Segment Open
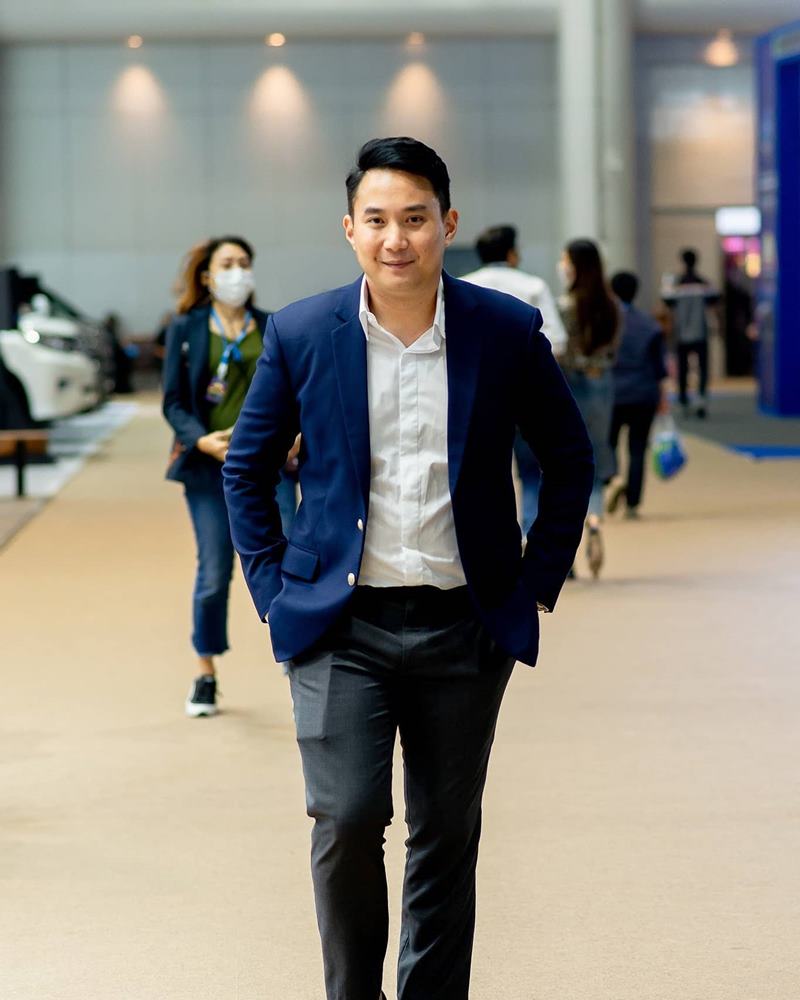 ปอ ตนุภัทร ปอ ตนุภัทร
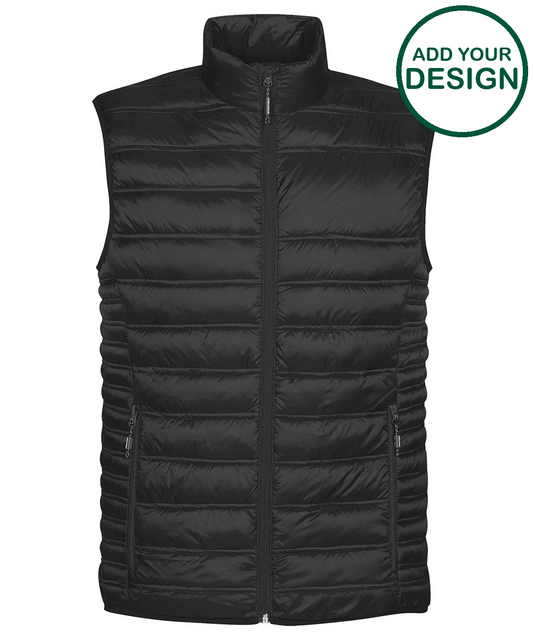 Basecamp thermal vest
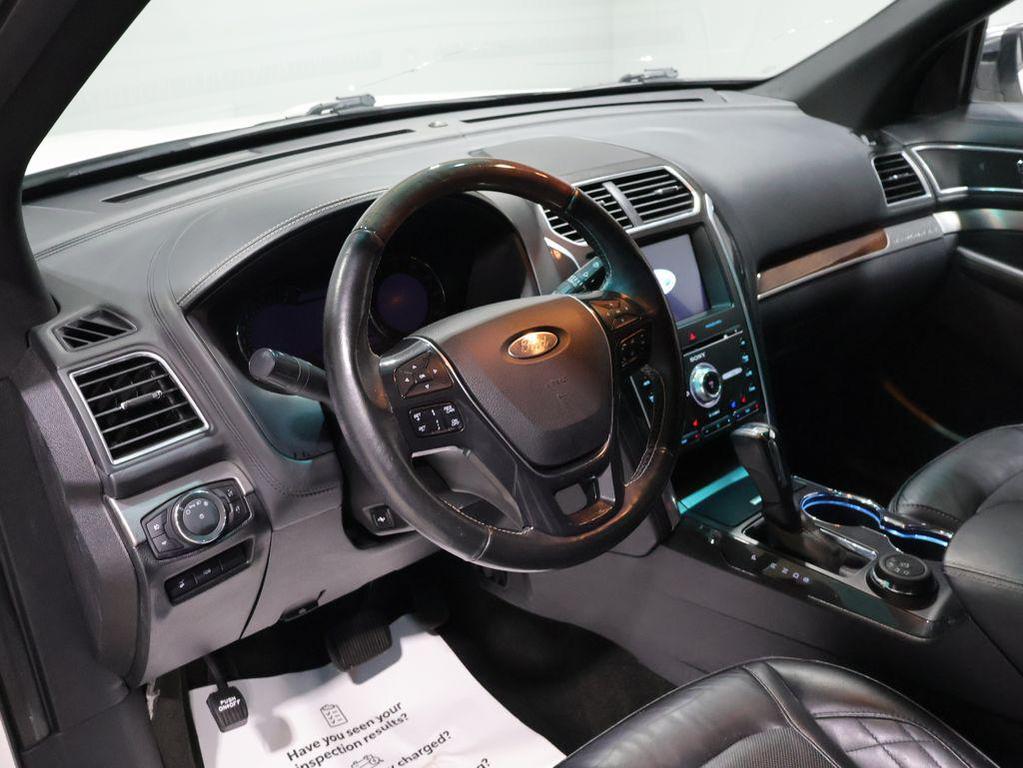 used 2017 Ford Explorer car, priced at $15,736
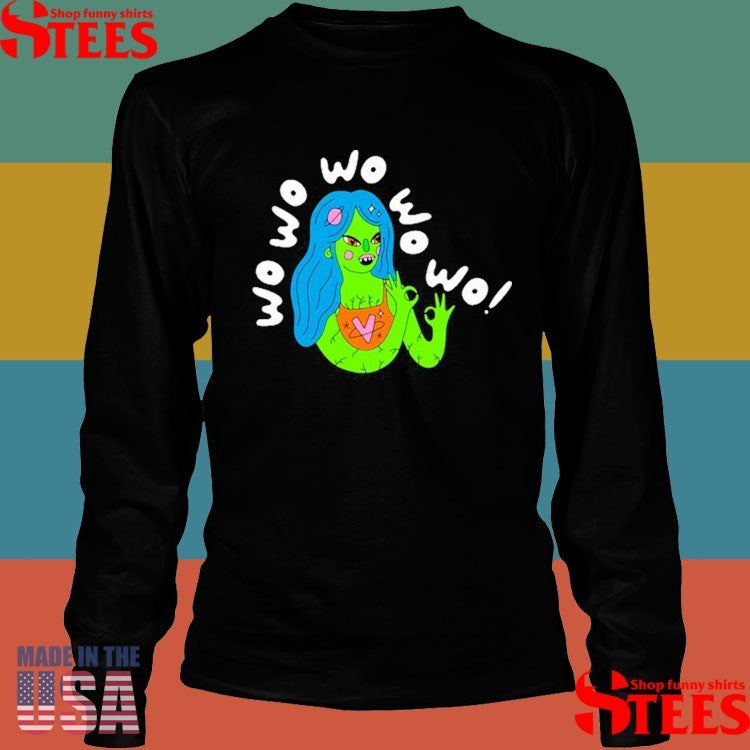 The Aquabats The Martian Girl Shirts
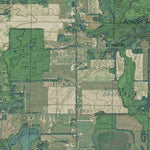 MI-Sand Lake: GeoChange 1980-2012 Preview 2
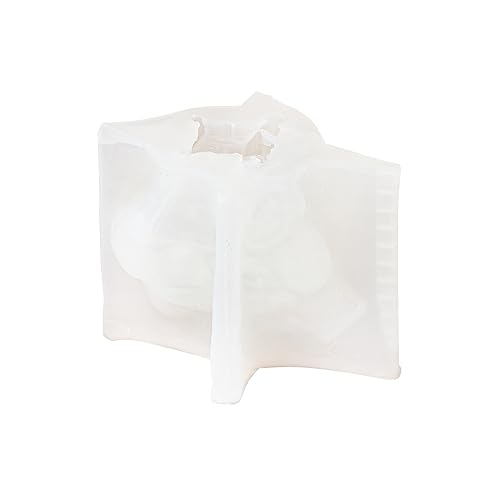 Silikonform, wiederverwendbar, Epoxidharzform, 3D-Form, geometrische Form, 3D-Handwerk, Harz-Formen Silikonform, wiederverwendbar, Epoxidharzform, 3D-Form, geometrische Form, 3D-Handwerk, Harz-Formen von PLCPDM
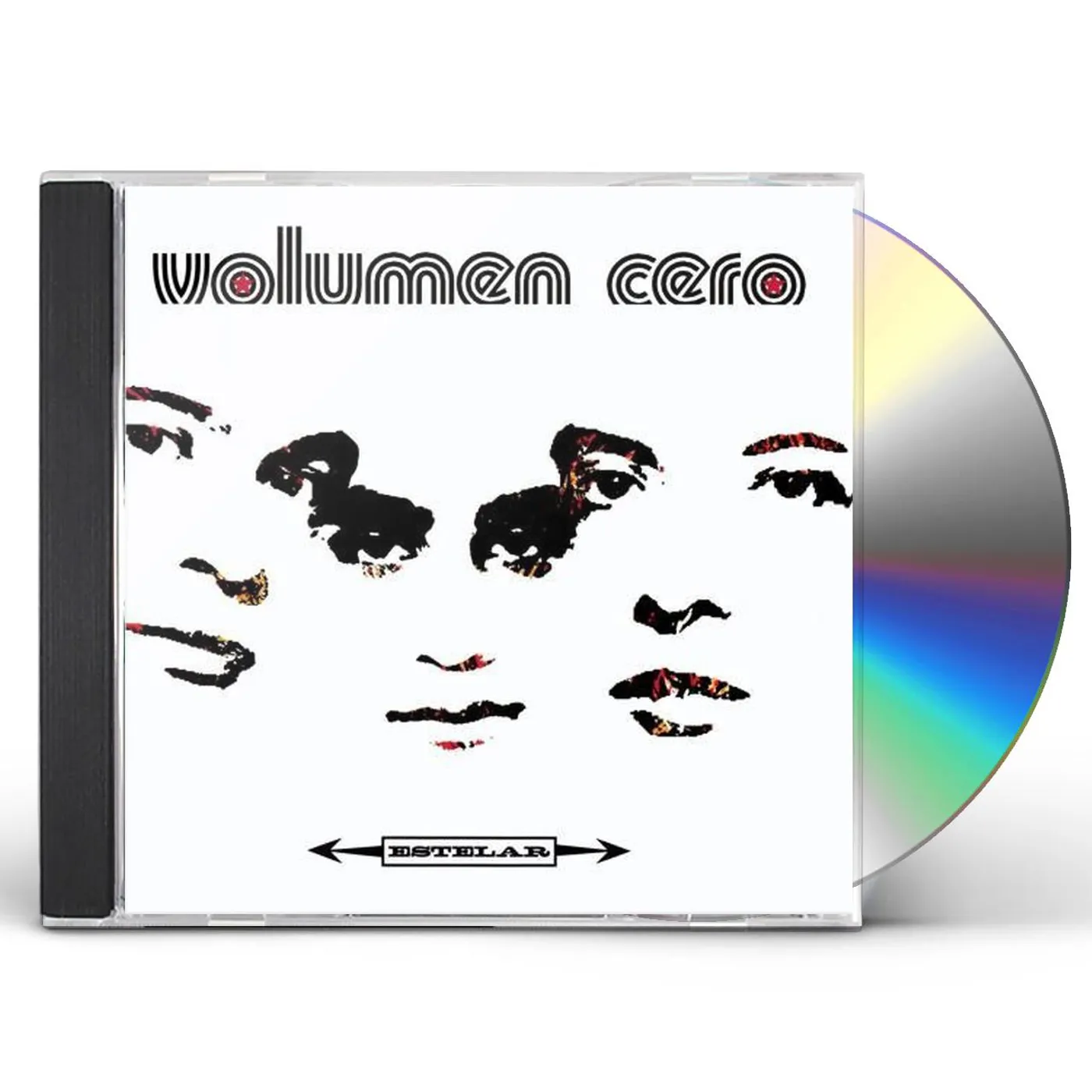 Volumen Cero ESTELAR CD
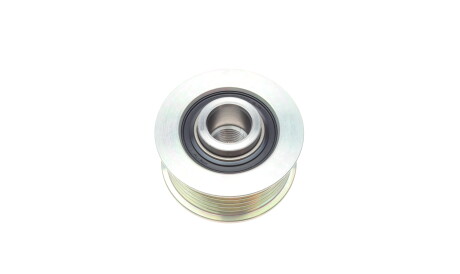 Фото 2 - Шків генератора INA 535 0063 10 (535006310)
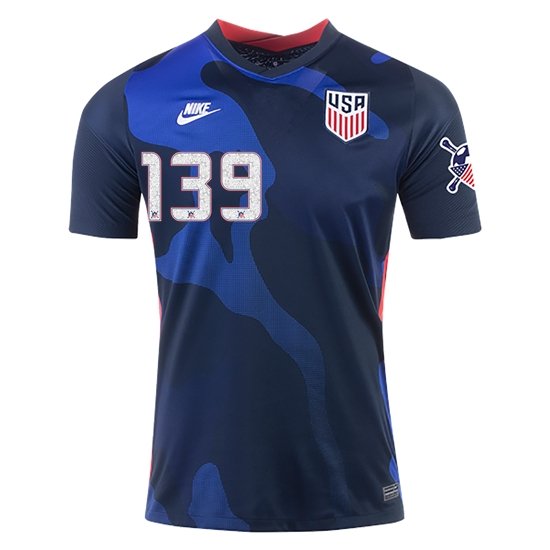 Usmnt jersey 2020 Clearance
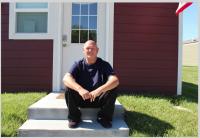 Sioux Falls Veterans Housing Project Adds Finishing Touches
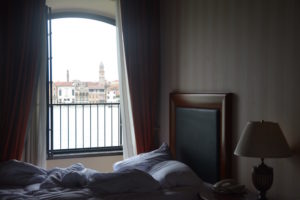 dove dormire a Venezia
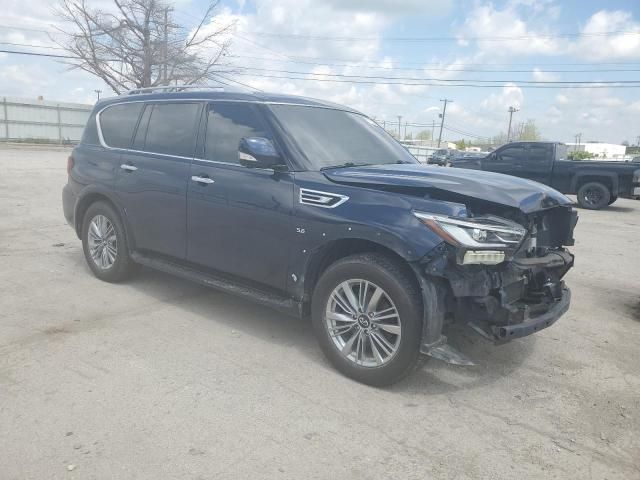 2018 Infiniti QX80 Base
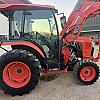 Kubota L4060 loader tractor 4x4 at SF Tractor Parts – Image 4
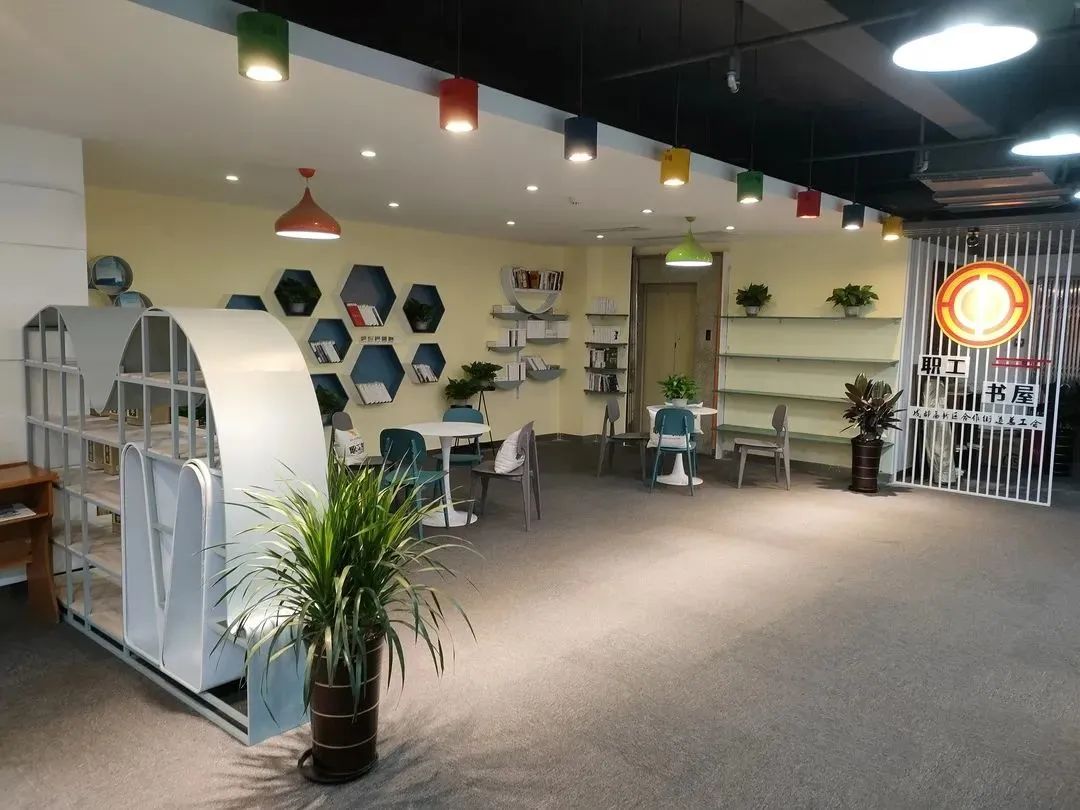 成都高新合作街道创新创业孵化基地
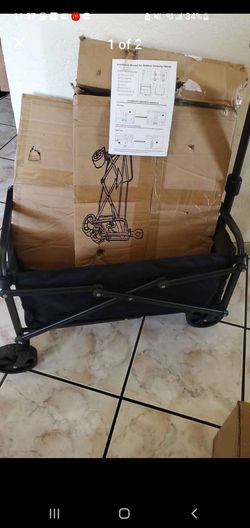 Small wagon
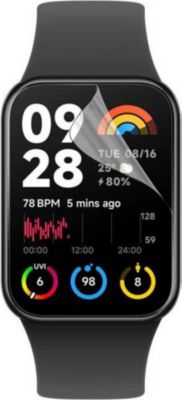 Protège écran PHONILLICO Xiaomi Mi Band 8 Pro - Film plastique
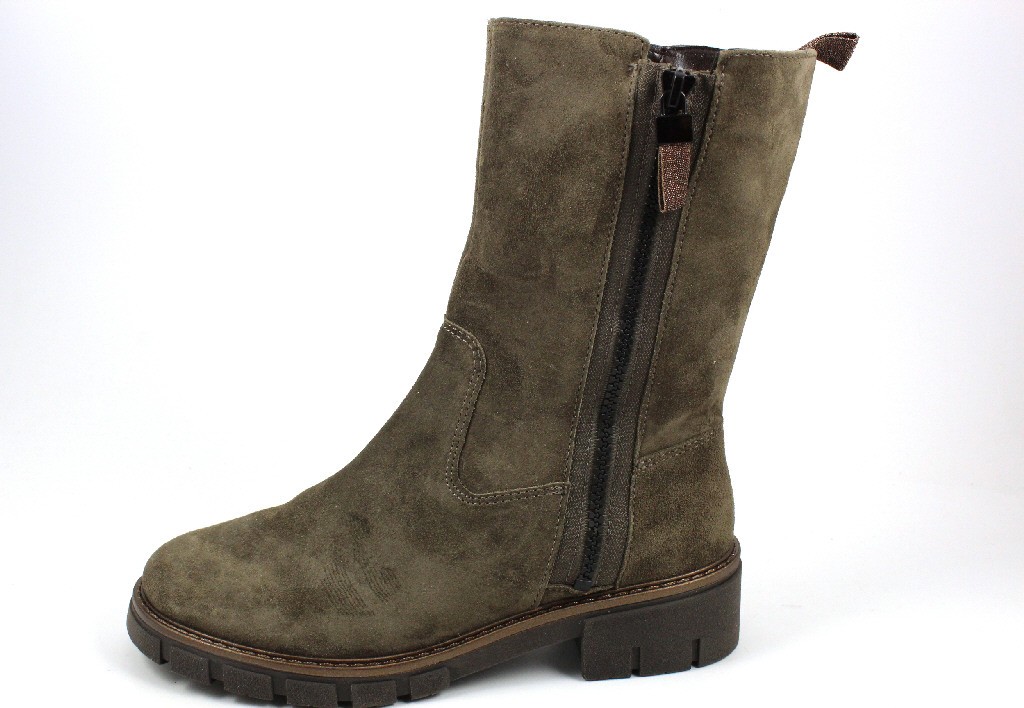 ARA Stiefeletten grau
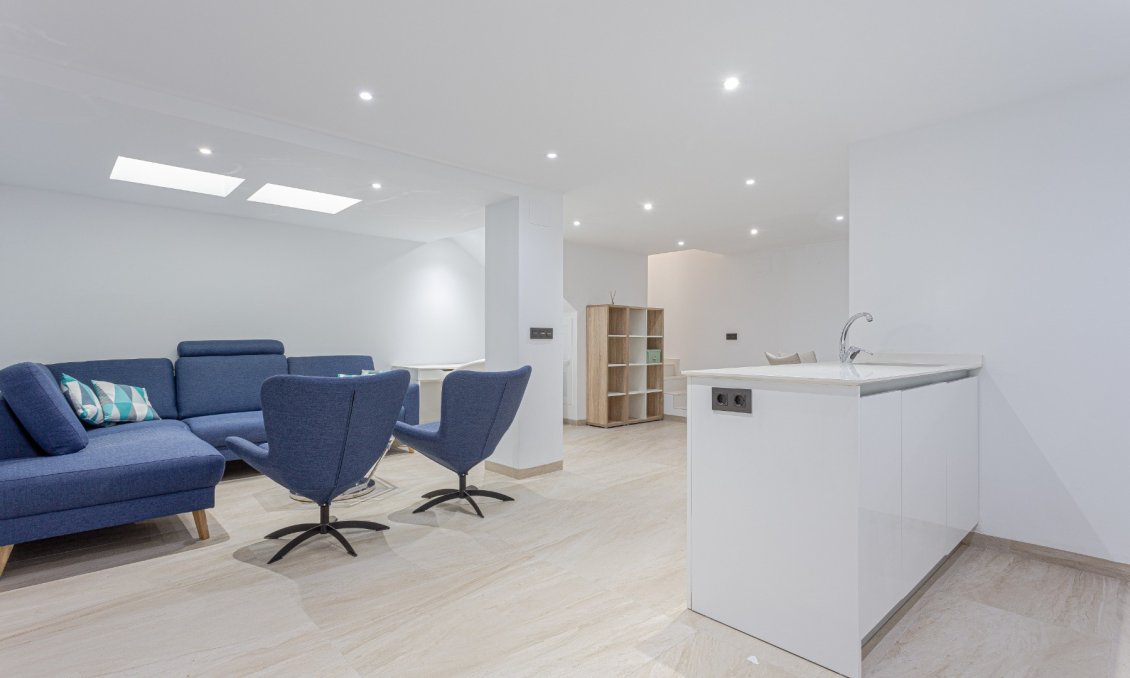 Revente - Villa -
Orihuela Costa - Costa Blanca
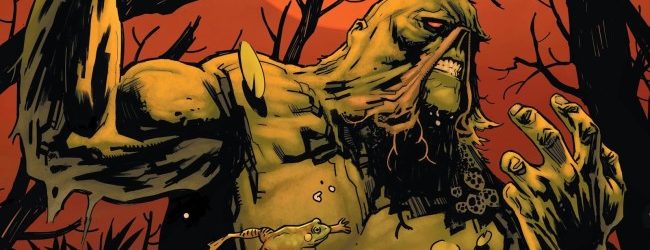 Review: Swamp Thing #3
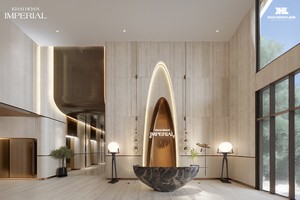 Sau sáp nhập, nguồn cung căn hộ hạng sang khan hiếm cho giới trí thức tại trung tâm công nghiệp công nghệ cao mới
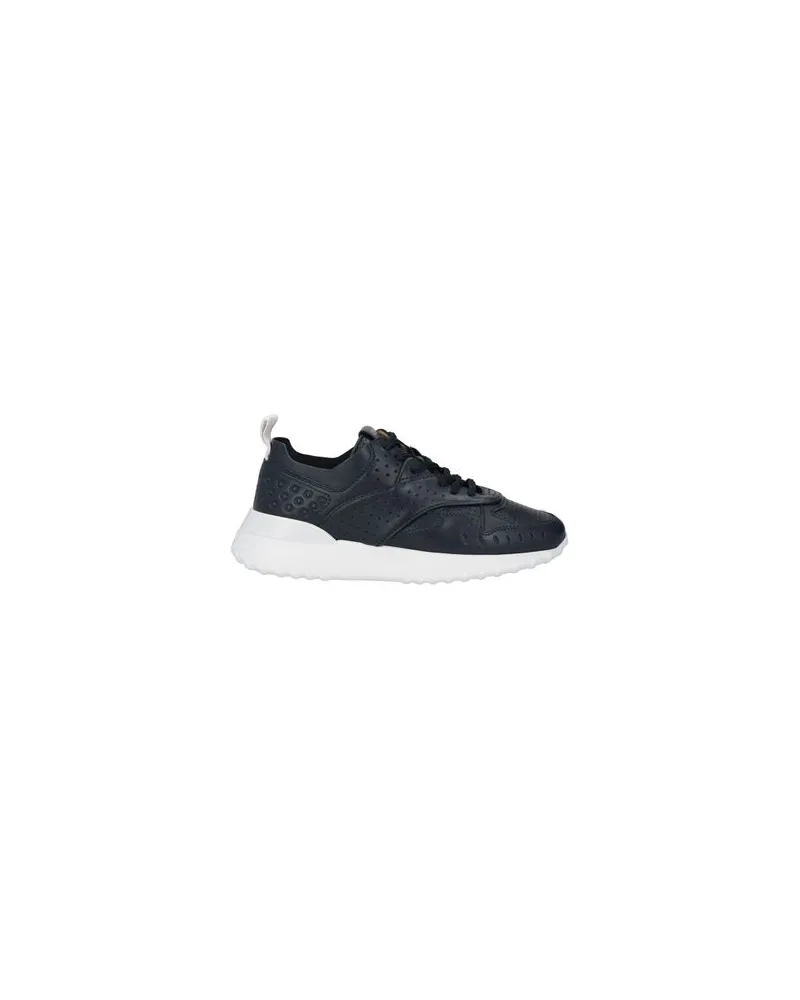 TOD'S SCHUHE - Sneakersauf YOOX.COM Nachtblau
Segment Closed
◆ **Task**
Repeat the material above in full and unchanged, minus its images.

◆ **Result of the exercise**
 ปอ ตนุภัทร ปอ ตนุภัทร
 Basecamp thermal vest
 used 2017 Ford Explorer car, priced at $15,736
 The Aquabats The Martian Girl Shirts
 MI-Sand Lake: GeoChange 1980-2012 Preview 2
 Silikonform, wiederverwendbar, Epoxidharzform, 3D-Form, geometrische Form, 3D-Handwerk, Harz-Formen Silikonform, wiederverwendbar, Epoxidharzform, 3D-Form, geometrische Form, 3D-Handwerk, Harz-Formen von PLCPDM
 Volumen Cero ESTELAR CD
 Фото 2 - Шків генератора INA 535 0063 10 (535006310)
 Usmnt jersey 2020 Clearance
 Sioux Falls Veterans Housing Project Adds Finishing Touches
 dove dormire a Venezia
 2018 Infiniti QX80 Base
 Kubota L4060 loader tractor 4x4 at SF Tractor Parts – Image 4
 成都高新合作街道创新创业孵化基地
 Small wagon
 Protège écran PHONILLICO Xiaomi Mi Band 8 Pro - Film plastique
 ARA Stiefeletten grau
 Revente - Villa -
Orihuela Costa - Costa Blanca
 Review: Swamp Thing #3
 Sau sáp nhập, nguồn cung căn hộ hạng sang khan hiếm cho giới trí thức tại trung tâm công nghiệp công nghệ cao mới
 TOD'S SCHUHE - Sneakersauf YOOX.COM Nachtblau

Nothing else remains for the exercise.